Morsette was discharged from the hospital’s intensive care unit on March 19, when he was told he’d contracted hantavirus. He returned home over the weekend.
Cindy Hotchkiss, director of the Health Promotion Division with the City-County Health Department, said hantavirus is one of the state’s 68 reportable diseases.
Morsette’s was the first confirmed case in Missoula County since 2000, when a 19-year-old female contracted the virus.
“When a test comes back positive, we get a report showing the patient has it,” Hotchkiss said. “We get the background from the doctor for potential symptoms so we know when the incubation took place to help locate the possible source of exposure.”

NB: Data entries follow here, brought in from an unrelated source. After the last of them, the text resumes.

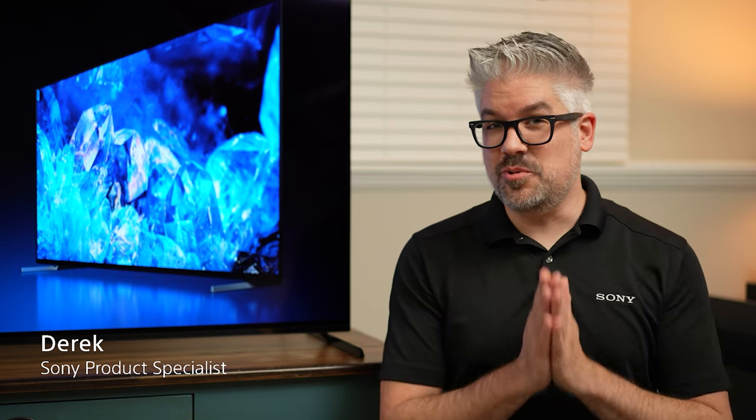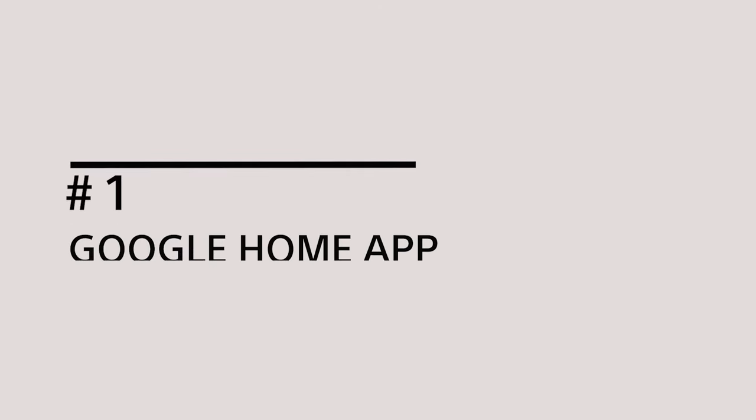Hi, I'm Derek from Sony. If you are super excited to get your TV set up and binging all your TV shows and hardcore gaming till the wee hours of the morning, I cannot blame you. But unfortunately there is an initial setup process — but fortunately it's very simple, and I'm going to give you a couple of quick tips to make sure you don't miss something in that initial setup.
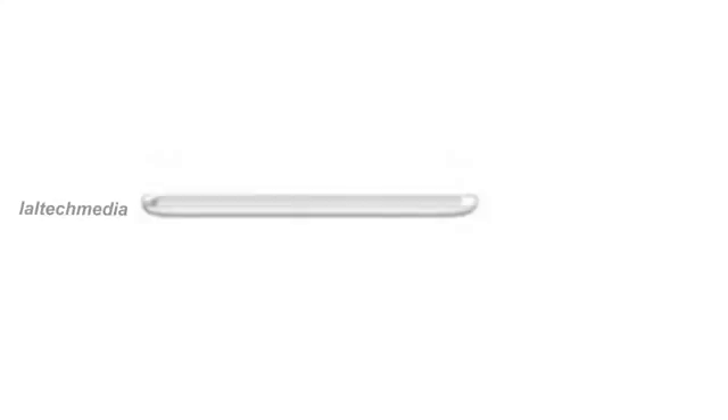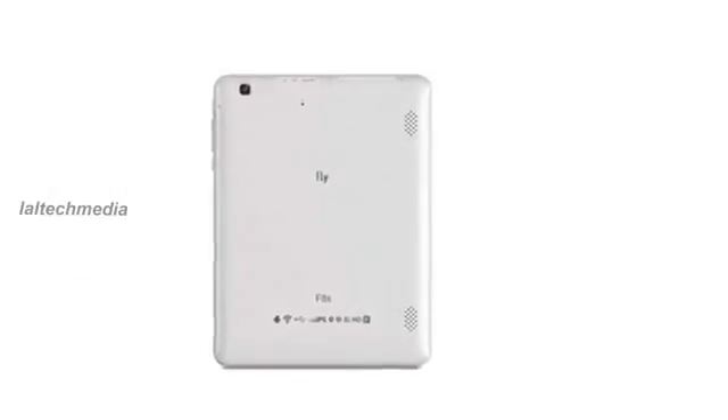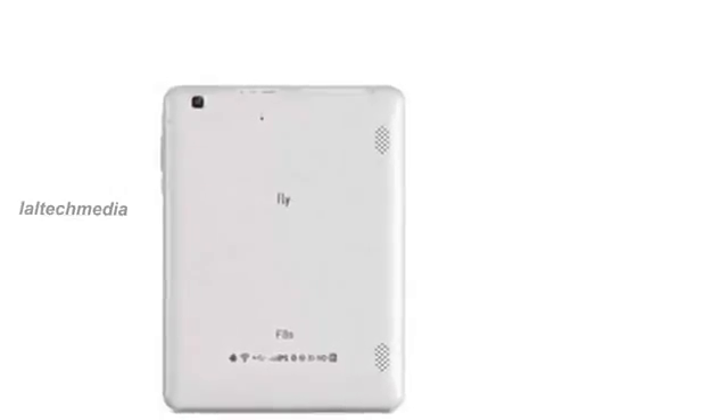Fly F8s key specifications: 8-inch capacitive IPS display with 1024x768p resolution, dimensions 198x155x9.6mm, 1.2GHz dual-core processor, 2.5GB internal storage, microSD card slot, 3.2MP rear camera, 2MP front camera, 3G, Wi-Fi, Bluetooth, GPS, 4000mAh battery, Android 4.1 Jellybean. The Fly F8s has a price tag of INR 13,409.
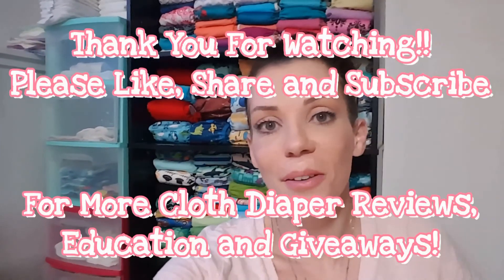Thank you so much for watching this review and for supporting and being a part of Jess is Blessed. I hope you enjoyed it and found it informative and helpful. I'll see you next time for the next cloth diapering video — thanks, bye!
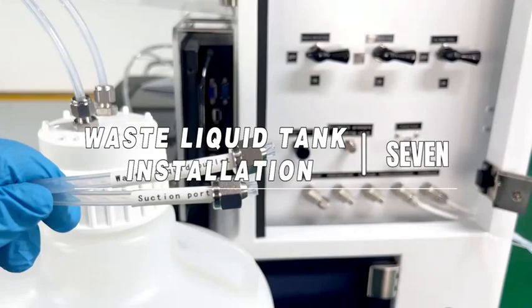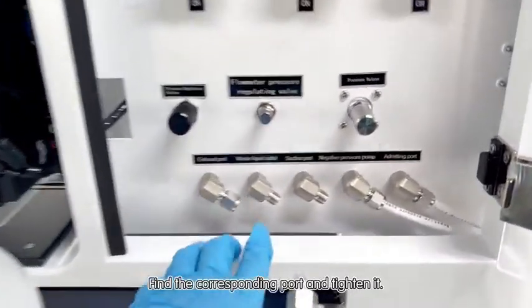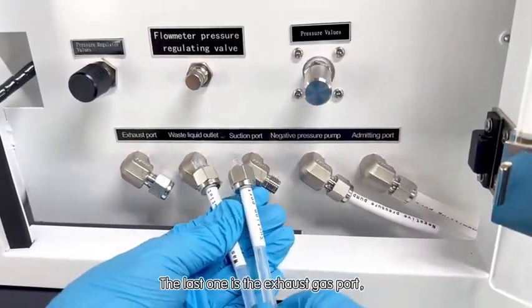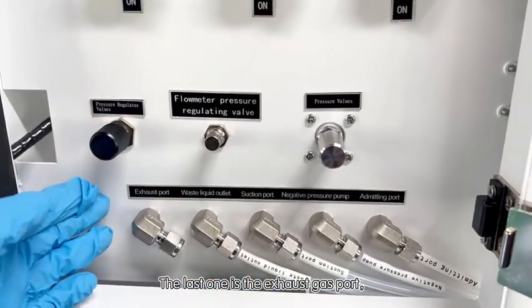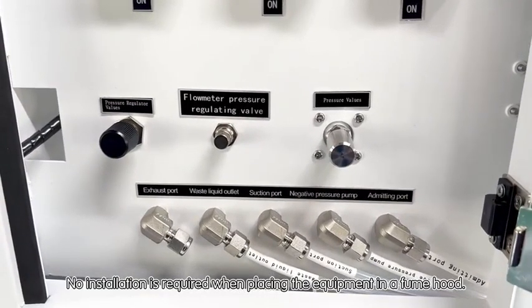Waste liquid tank installation. There are two ports to be installed in the tank. Find the corresponding port and tighten it. The last one is the exhaust gas port — no installation is required when placing the equipment in a fume hood.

Hotchkiss said the department is continuing to investigate that source of exposure, though the university’s recycling center is a possibility. Last Friday, the health department asked the facility to change its policies.
“There’s no exact way to pinpoint where a patient contracted it,” Hotchkiss said. “But even though our investigation isn’t complete, just looking at their (recycling center) procedures, it was enough to recommend changes, and we made those on Friday.”
UM also issued a campuswide email Friday, saying the health department had confirmed a hantavirus case within the county.
The email did not say the case involved a UM student, or that it was possible the virus was contracted on campus.
“The only way the university would have known the patient is if the patient came forward and told them himself,” said Hotchkiss. “They talked to us about how you get it, and we gave them all the standard information.”
Peggy Kuhr, vice president of integrated communications at UM, said the recycling center is being cleaned according to state procedures.
She added that university policies don’t allow the disclosure of student's health information, or information that could lead to a student’s identification.
“That was one of those situations where it’s fine for him (Morsette) to come forward and talk about it, but we don’t disclose that,” said Kuhr. “We wanted people to be aware that the virus was identified in this county.”
Montana ranks fifth in the number of reported hantavirus cases within the U.S, with 35. Between 1993 and 2013, 606 cases were reported nationally, resulting in 217 deaths.
The last fatality in Montana occurred in 2013 when 20-year-old Rhea Lynn Baxter of Bozeman died from the virus. She was the 10th death in the state related to the illness.
According to the CDC, certain rodents, such as deer mice in the West, shed the virus in their urine, droppings and saliva. The virus is mainly transmitted to people when they breathe air contaminated with the virus.
Guinea pigs, hamsters, gerbils and rodents from pet stores are not known to carry hantavirus, the CDC said.
Morsette has since got a hair cut and attended a movie. He’d never heard of hantavirus until he contracted it.
“I feel better than I did yesterday,” he said Tuesday. “I’m back in class and my professors are helping me.”